Secara ideologis dan historis, PDIP pun sudah membuktikan tidak ada masalah dari sosok pemimpin perempuan. Di antaranya ketika Megawati Soekarnoputri menjadi ketua umum PDIP dan menduduki kursi presiden pada 2001 sampai 2004.
"Sebelumnya, pada 1999, beliau sempat menjadi salah satu alternatif untuk presiden tapi kondisi waktu itu tidak memungkinkan," ujar Arteria ketika dihubungi Republika.co.id, Selasa (20/3).
Dengan pembuktian tersebut, PDIP semakin terbuka lebar untuk tokoh perempuan yang dinilai berkompeten sebagai seorang pemimpin. Bahkan, menurut Arteria, hal ini bisa menjadi ruang baru yang seharusnya menjadi pilihan alternatif dalam demokrasi di Indonesia.

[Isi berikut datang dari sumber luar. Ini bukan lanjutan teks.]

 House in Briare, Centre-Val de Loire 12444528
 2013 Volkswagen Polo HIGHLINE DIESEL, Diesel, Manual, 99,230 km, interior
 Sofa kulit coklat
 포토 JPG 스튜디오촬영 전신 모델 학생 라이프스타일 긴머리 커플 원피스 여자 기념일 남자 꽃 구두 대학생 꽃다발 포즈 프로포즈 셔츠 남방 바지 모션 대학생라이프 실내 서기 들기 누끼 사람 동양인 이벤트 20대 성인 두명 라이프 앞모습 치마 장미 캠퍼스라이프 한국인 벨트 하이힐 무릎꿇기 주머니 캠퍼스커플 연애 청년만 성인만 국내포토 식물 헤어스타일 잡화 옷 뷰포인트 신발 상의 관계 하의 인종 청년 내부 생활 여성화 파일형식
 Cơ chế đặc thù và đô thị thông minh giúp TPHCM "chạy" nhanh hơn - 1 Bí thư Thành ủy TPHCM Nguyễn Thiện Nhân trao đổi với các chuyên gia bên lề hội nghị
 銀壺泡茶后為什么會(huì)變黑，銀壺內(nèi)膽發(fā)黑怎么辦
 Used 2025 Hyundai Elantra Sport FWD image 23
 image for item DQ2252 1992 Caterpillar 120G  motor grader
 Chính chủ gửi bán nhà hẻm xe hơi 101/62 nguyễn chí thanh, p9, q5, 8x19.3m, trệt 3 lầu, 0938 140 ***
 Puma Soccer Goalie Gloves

Ada beberapa nilai tambah yang dilihat Arteria apabila tokoh perempuan bisa maju sebagai cawapres. Di antaranya, menggaet pemilih perempuan yang jumlahnya banyak di Indonesia dan terbilang solid, sehingga menguntungkan secara elektabilitas. "Tapi, memang harus ada pengondisian sebelumnya," tuturnya.

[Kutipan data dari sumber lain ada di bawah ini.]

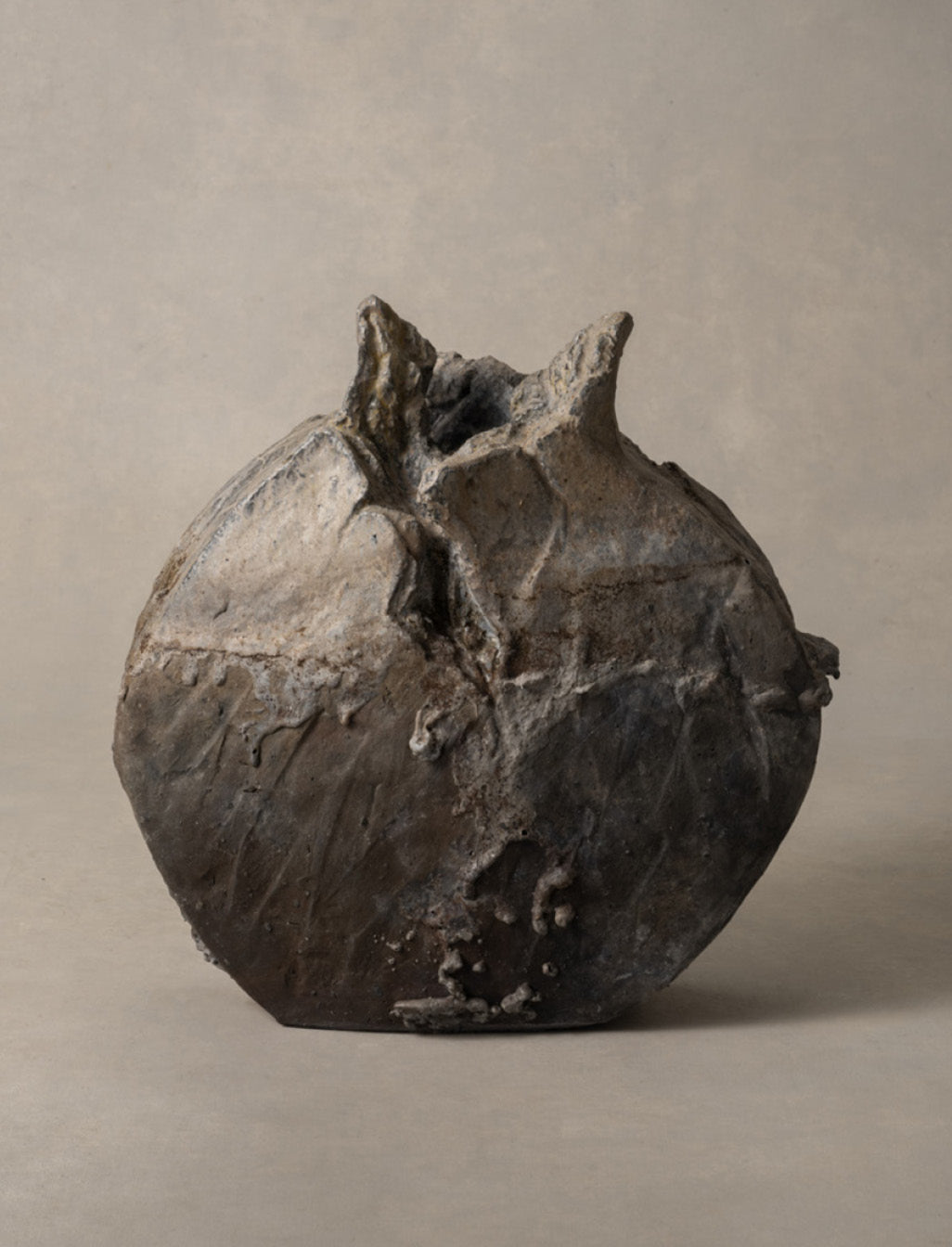 Casey Zablocki, Pocket Vase, 2023 (CZEA02)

Pengondisian dilakukan agar tokoh perempuan yang kelak maju sebagai cawapres tidak bisa digergaji atau dipermasalahkan di tengah jalan. Pengondisian akan dilakukan oleh internal partai maupun partai koalisi.
Arteria melihat, Indonesia memiliki banyak srikandi tangguh. Dari PDIP, ada Puan yang tidak hanya menjadi tokoh internal partai, juga salah satu pemimpin di Indonesia dengan menjabat sebagai menteri koordinator pembangunan manusia dan kebudayaan. Sri Mulyani dan Susi juga masuk dalam radar PDIP dan Jokowi untuk dilakukan penjaringan serta penyaringan.